Part of Flash Fiction February 2023, prompt was “Enchanted garden where moon casts shadow of object or ghost invisible to the human eye”.
Yasmin was proud of the small garden she had cultivated over more years than she cared to remember. It was perfectly square, enclosed with a stone wall just the right side of tumbledown to be charming. A productive vegetable garden occupied one corner, teeming with tomatoes, leeks, kale, and herbs she vaguely remembered. Another corner she called her “wild area”. She let whatever wanted to grow there wend its way as long as it never imposed on any other area. The third corner was full of colour. She filled it with plants that had flowers of the rainbow. It brought her joy to sit outside on warm evenings and compose paintings from the floral palette it presented to her.
The final corner disturbed her. In the first few years, she had tried to grow all sorts of plants there, but they just withered and died, stuck in a seemingly permanent web of shadows that had a life of their own. Whenever she wandered into that corner of the garden, she didn’t feel threatened, just uncomfortable. Whatever influenced there meant her no ill will, but would prefer it if she wasn’t there. They filled her body with a chill, and over time she learned to just leave that corner to its own devices. Even on beautiful warm summer nights when the rest of the garden was full of so much life, colour, and positivity, that corner was full of shadows that pulsated and shifted with an unknown agenda.

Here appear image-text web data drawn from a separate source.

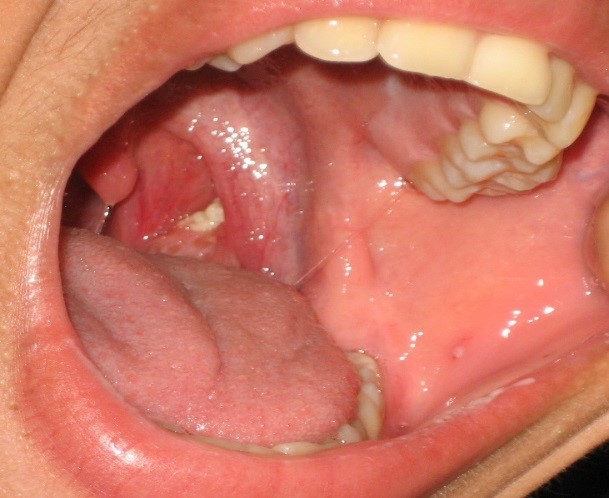 What Causes Tonsil Stones And How To Prevent Them - Youtube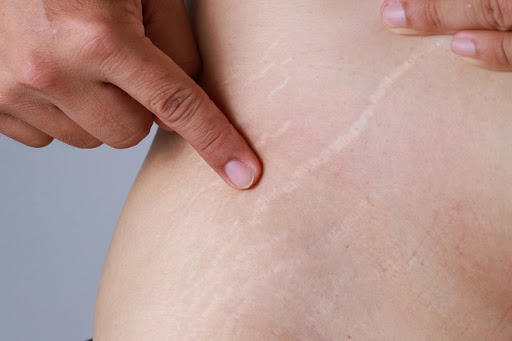 Nguyên nhân gây rạn da là do da bị kéo căng khiến các mô liên kết đứt gãy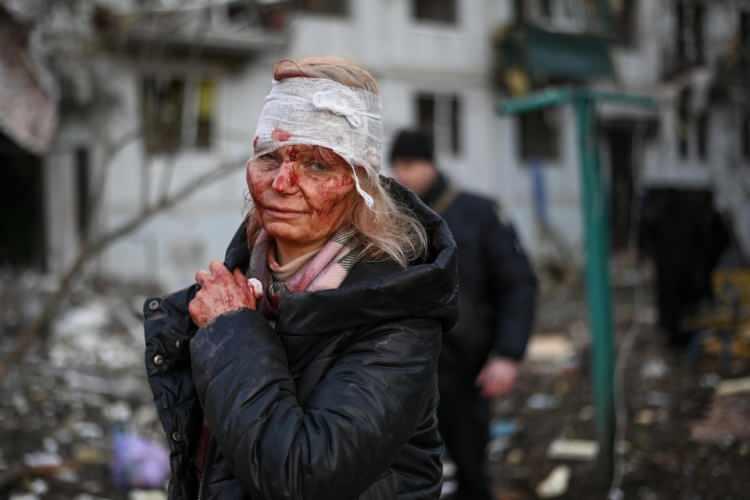 <p><span style="color:#FF0000"><strong>AA'nın fotoğrafı Rusya-Ukrayna Savaşı'nın unutulmaz karesi oldu</strong></span></p>

<p> </p>
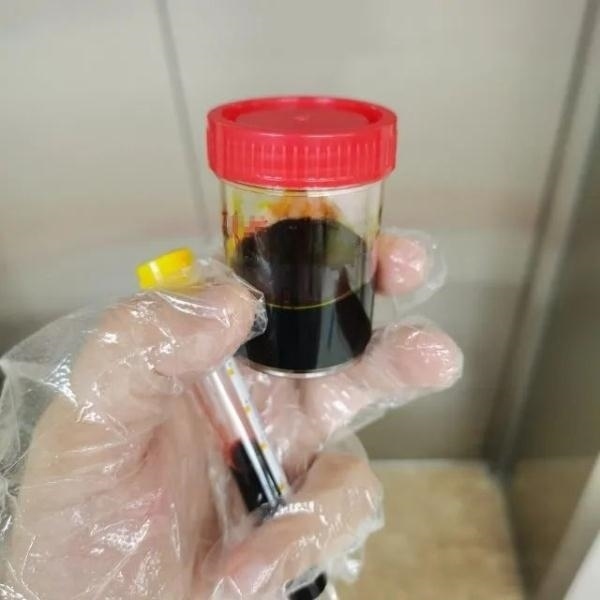 急性肝衰竭！兩兄弟誤吃這種菌 專家提醒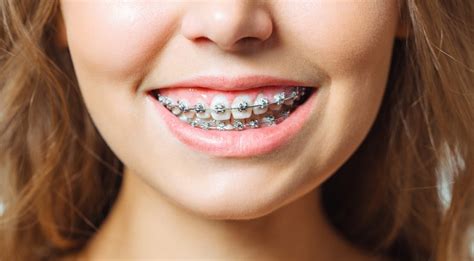 Self-Ligating Braces: Benefits, Cost, and Comparisons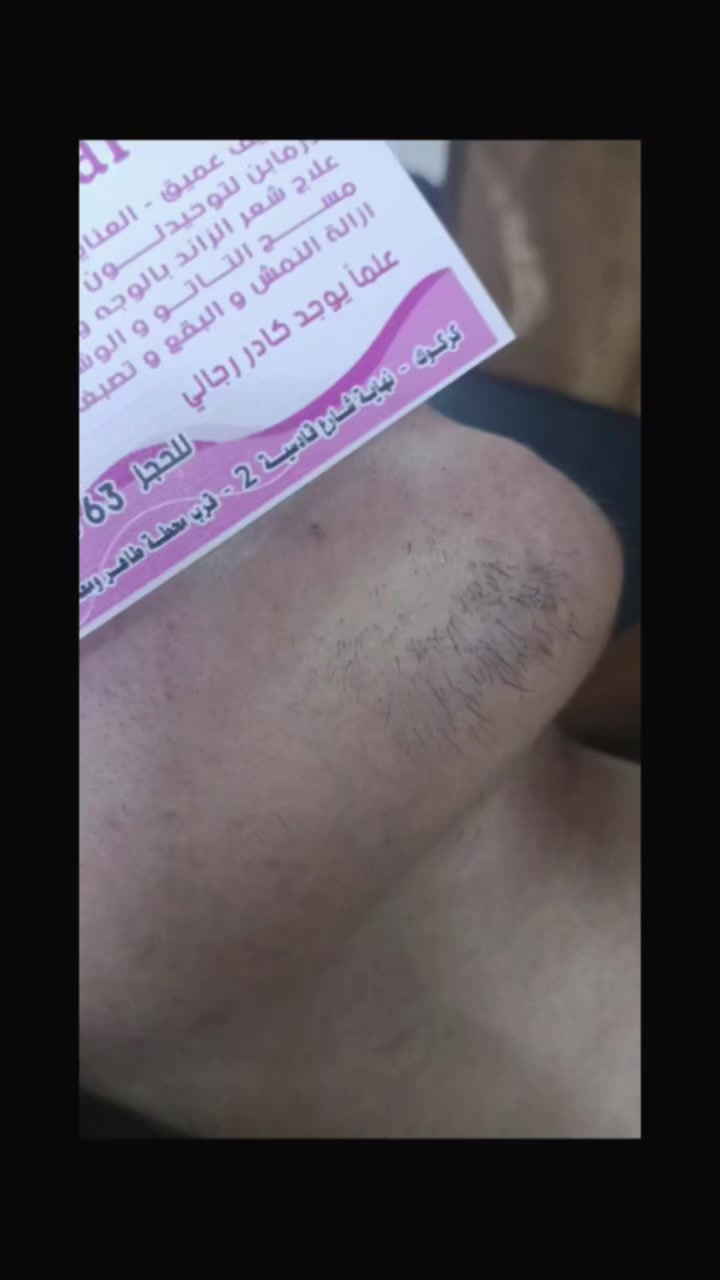 للححز ***********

She saw shapes that looked like figures of creatures swirling around with purpose. Unknown shapes intertwined with them, writhing and twisting in a darkened dance.
They never moved from the corner, never expanded their claim on the garden, and she was happy with everything else she had, so Yasmin and the shadows arrived at an unstated stalemate.
When friends visited and admired her garden, they often asked what was wrong with that corner. She would brush them away with spontaneous excuses such as gas leaks, clay in the soil, poisoned earth, or “the wrong kind of light”. But in truth, she had no idea what was wrong, and with her excuses breaking down on further interrogation, she would swiftly change the subject, diverting their attention to a plump vegetable or pretty flower.
She had tried experienced gardeners, part-time geoscientists, and even priests. None of them had any idea what was wrong or had any solutions. One of the gardeners, an esoteric sort, suggested a friend who was obsessed with the occult, but Yasmin dismissed that wild idea. She was sure there was a sensible answer to the mystery of the fourth corner of her garden, but for now, she would just enjoy what she had. She turned her back to the lingering shadows behind her and stopped to smell the roses, inhaling the sweet scent with delight.